Start of Information supplied

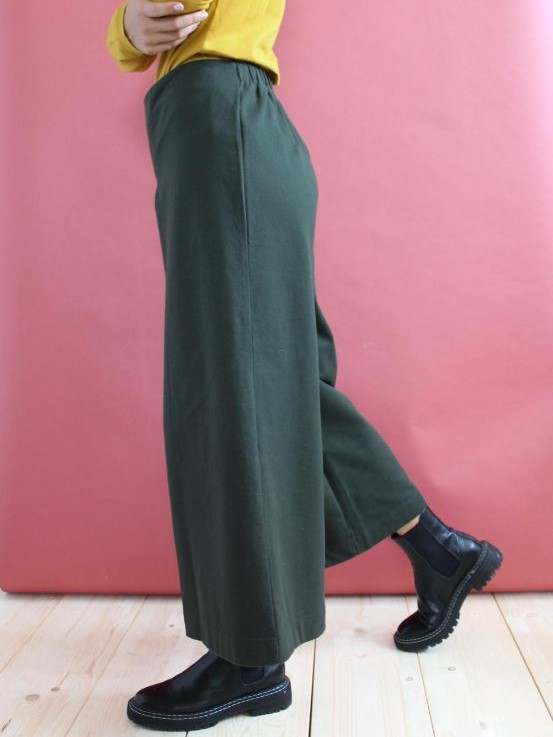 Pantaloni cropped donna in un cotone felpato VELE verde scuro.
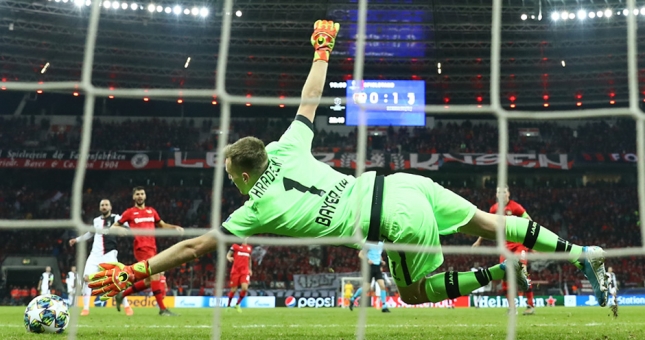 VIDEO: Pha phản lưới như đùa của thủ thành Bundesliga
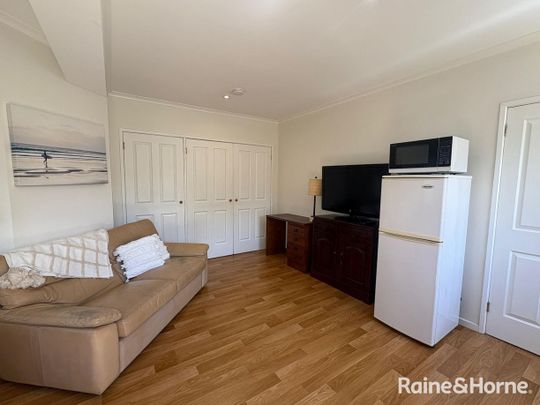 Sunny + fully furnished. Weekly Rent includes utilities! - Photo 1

End of Information supplied

## What to produce
Write out again every line above exactly as given; the pictures do not belong in the copy.

## Answer for this exercise
 Pantaloni cropped donna in un cotone felpato VELE verde scuro.
 VIDEO: Pha phản lưới như đùa của thủ thành Bundesliga
 Sunny + fully furnished. Weekly Rent includes utilities! - Photo 1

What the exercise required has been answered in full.